Records supplied below:
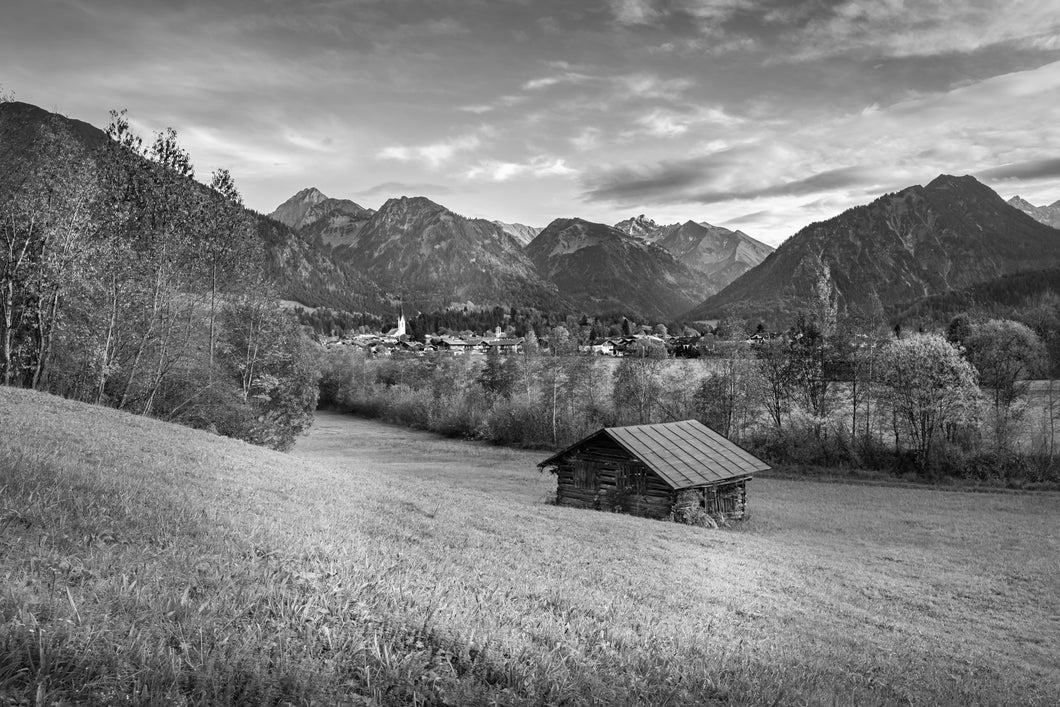 Oberstdorf im Herbst V s/w 1001240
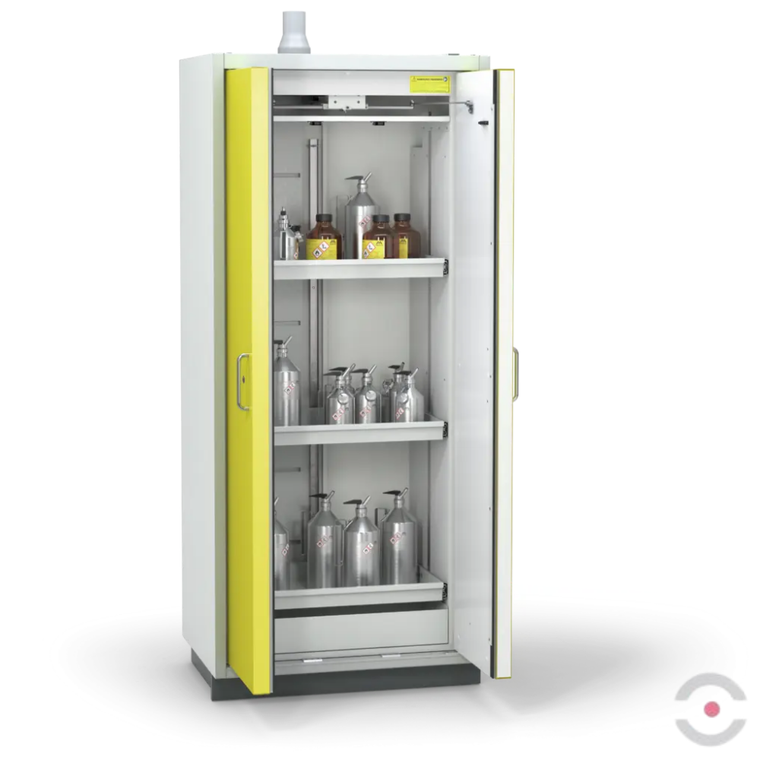 Szafa ognioodporna Topserw PRIME-90 L, 3 półki wysuwane, drzwi CLA żółte, CLASSIC, 90 min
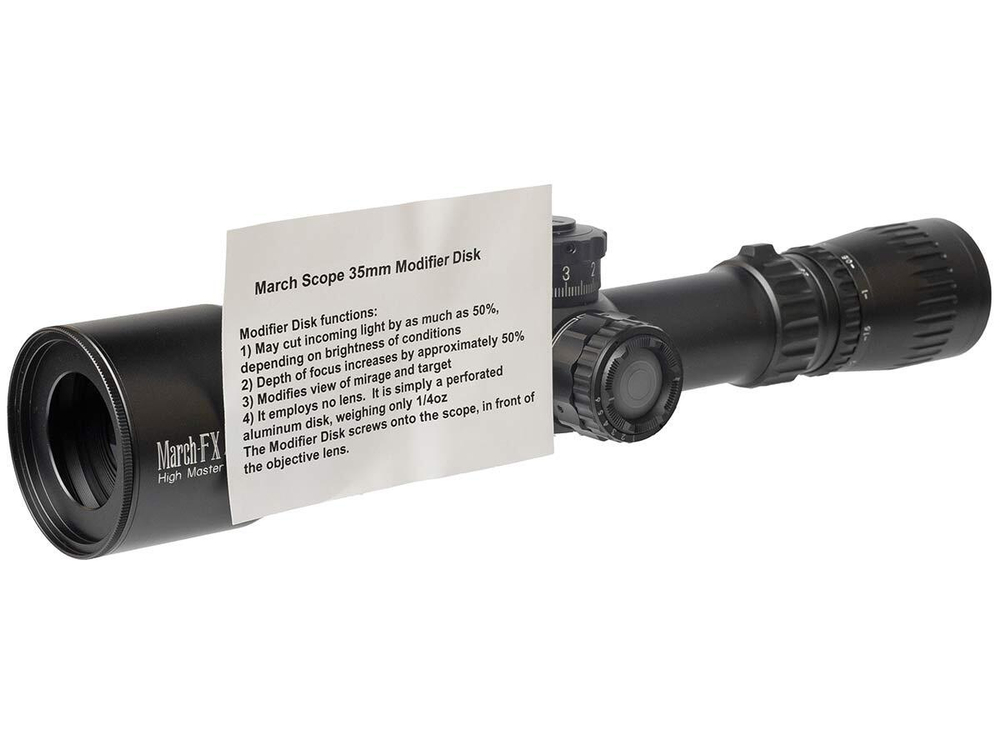 Прицел March-FX 4,5-28x52 FML-TR1 FFP 34мм (D28HV52WFIML FML-TR1)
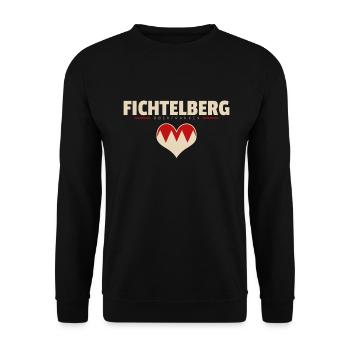 Fichtelberg Dorf Gemeinde Stadt Bayreuth - Unisex Pullover - Schwarz - Vorne - Alina (178cm) & Michal (187cm)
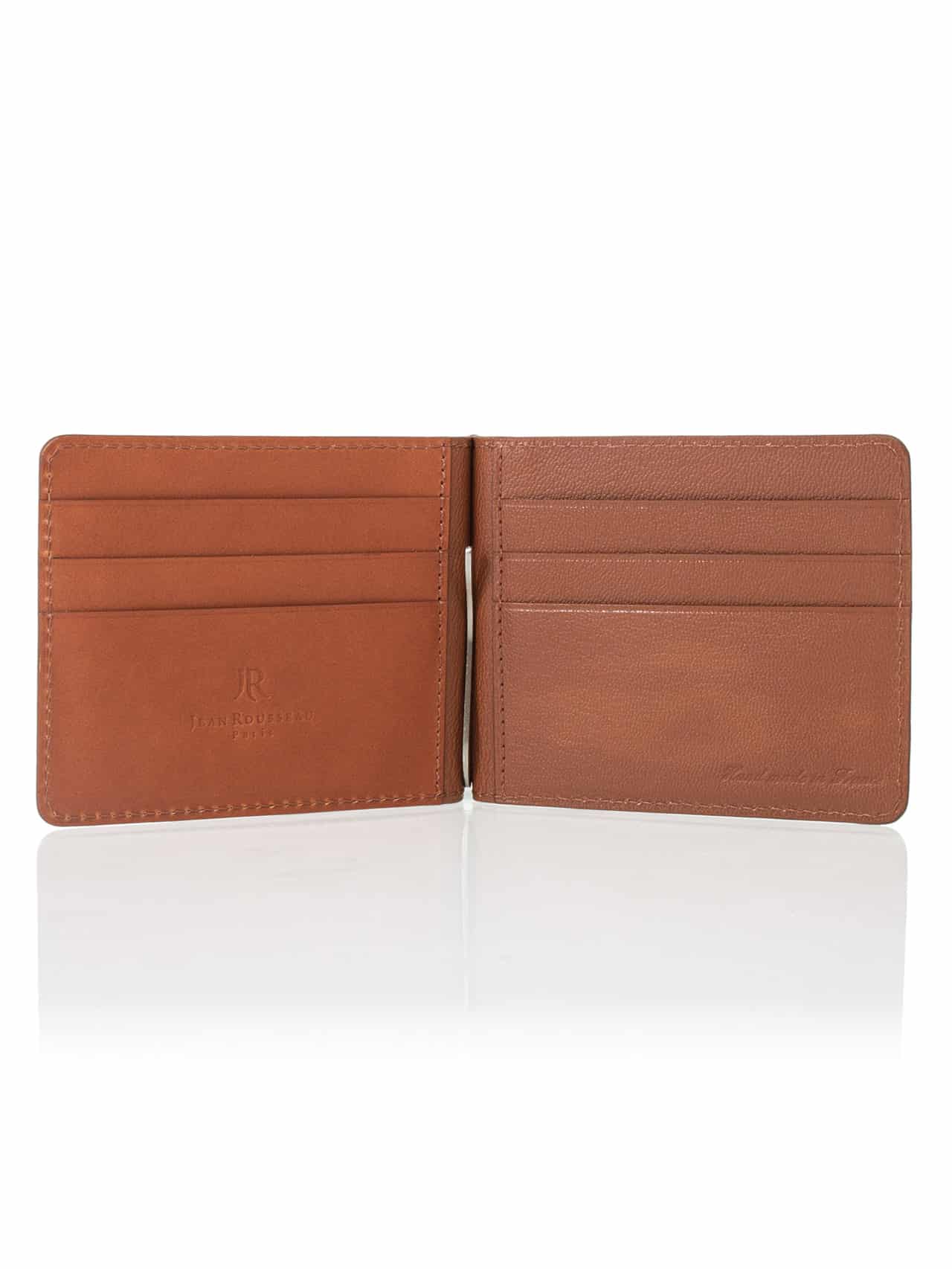 Money Clip Wallet veg tan calf - Maison Jean Rousseau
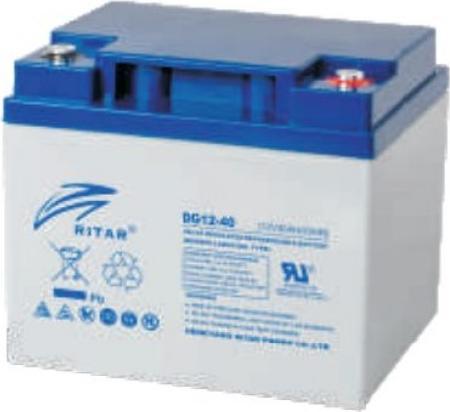 Ritar Batterie à électrolyte gélifié DG12-40 (12 V, 40 Ah)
End of Records supplied.
What this task involves » All the records above need to be given again word for word. Skip the pictures.

Response to the exercise »
 Oberstdorf im Herbst V s/w 1001240
 Szafa ognioodporna Topserw PRIME-90 L, 3 półki wysuwane, drzwi CLA żółte, CLASSIC, 90 min
 Прицел March-FX 4,5-28x52 FML-TR1 FFP 34мм (D28HV52WFIML FML-TR1)
 Fichtelberg Dorf Gemeinde Stadt Bayreuth - Unisex Pullover - Schwarz - Vorne - Alina (178cm) & Michal (187cm)
 Money Clip Wallet veg tan calf - Maison Jean Rousseau
 Ritar Batterie à électrolyte gélifié DG12-40 (12 V, 40 Ah)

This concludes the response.